⟨

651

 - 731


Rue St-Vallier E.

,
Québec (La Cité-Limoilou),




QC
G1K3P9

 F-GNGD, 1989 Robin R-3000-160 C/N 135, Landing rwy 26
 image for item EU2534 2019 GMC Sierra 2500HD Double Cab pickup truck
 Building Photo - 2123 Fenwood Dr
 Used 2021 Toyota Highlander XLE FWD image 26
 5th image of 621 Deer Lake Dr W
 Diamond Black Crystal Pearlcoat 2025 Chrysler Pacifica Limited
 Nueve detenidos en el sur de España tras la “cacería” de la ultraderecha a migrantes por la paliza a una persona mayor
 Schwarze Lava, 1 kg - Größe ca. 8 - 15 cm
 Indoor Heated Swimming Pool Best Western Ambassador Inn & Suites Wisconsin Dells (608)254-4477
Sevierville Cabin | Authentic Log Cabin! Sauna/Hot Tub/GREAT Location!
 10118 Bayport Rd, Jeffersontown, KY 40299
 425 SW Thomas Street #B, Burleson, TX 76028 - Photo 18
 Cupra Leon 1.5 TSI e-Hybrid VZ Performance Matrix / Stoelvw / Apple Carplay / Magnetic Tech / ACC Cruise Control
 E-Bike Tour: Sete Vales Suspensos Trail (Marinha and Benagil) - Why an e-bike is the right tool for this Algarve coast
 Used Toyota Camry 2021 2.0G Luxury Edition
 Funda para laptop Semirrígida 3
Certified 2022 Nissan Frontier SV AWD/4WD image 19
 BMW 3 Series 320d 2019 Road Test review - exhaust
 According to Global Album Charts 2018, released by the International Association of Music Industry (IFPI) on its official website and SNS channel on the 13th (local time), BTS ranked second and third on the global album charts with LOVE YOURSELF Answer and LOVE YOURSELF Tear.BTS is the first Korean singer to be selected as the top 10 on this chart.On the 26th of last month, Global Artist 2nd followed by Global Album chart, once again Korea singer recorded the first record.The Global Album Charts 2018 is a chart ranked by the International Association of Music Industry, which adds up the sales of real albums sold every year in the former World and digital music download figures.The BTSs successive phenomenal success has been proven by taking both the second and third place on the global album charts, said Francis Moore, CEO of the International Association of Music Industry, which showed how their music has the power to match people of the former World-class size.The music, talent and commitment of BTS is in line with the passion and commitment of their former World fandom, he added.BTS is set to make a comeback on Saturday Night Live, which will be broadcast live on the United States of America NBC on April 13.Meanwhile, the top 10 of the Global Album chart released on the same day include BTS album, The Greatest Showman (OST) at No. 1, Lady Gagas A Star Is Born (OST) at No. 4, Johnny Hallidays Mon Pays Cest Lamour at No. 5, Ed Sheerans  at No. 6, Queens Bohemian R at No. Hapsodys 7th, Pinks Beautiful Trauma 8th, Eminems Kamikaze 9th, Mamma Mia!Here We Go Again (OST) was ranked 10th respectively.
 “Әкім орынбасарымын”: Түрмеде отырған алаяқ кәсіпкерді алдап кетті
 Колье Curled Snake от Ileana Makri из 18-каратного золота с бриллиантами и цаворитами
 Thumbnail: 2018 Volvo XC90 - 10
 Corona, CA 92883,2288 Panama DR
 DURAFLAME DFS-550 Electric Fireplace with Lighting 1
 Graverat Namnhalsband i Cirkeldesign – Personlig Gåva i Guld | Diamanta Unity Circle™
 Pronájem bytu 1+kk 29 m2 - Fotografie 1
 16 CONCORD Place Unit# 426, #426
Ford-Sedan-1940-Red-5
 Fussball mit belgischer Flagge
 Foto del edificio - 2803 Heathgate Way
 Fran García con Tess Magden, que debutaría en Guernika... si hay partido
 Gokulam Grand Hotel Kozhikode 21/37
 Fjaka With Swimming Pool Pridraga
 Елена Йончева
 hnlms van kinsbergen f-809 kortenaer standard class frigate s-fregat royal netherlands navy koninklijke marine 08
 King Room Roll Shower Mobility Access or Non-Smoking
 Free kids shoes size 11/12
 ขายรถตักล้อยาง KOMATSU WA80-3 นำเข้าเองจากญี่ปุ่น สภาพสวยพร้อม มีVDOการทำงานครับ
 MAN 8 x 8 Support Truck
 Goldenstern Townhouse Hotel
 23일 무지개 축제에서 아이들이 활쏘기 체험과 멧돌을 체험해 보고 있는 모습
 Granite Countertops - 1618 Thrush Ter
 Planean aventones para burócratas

⟩

Your assignment:
Only the lines from the one containing "ขายรถตักล้อยาง KOMATSU WA80-3" through the end of the records above belong in the answer, each exactly as written.

Response to this exercise:
 ขายรถตักล้อยาง KOMATSU WA80-3 นำเข้าเองจากญี่ปุ่น สภาพสวยพร้อม มีVDOการทำงานครับ
 MAN 8 x 8 Support Truck
 Goldenstern Townhouse Hotel
 23일 무지개 축제에서 아이들이 활쏘기 체험과 멧돌을 체험해 보고 있는 모습
 Granite Countertops - 1618 Thrush Ter
 Planean aventones para burócratas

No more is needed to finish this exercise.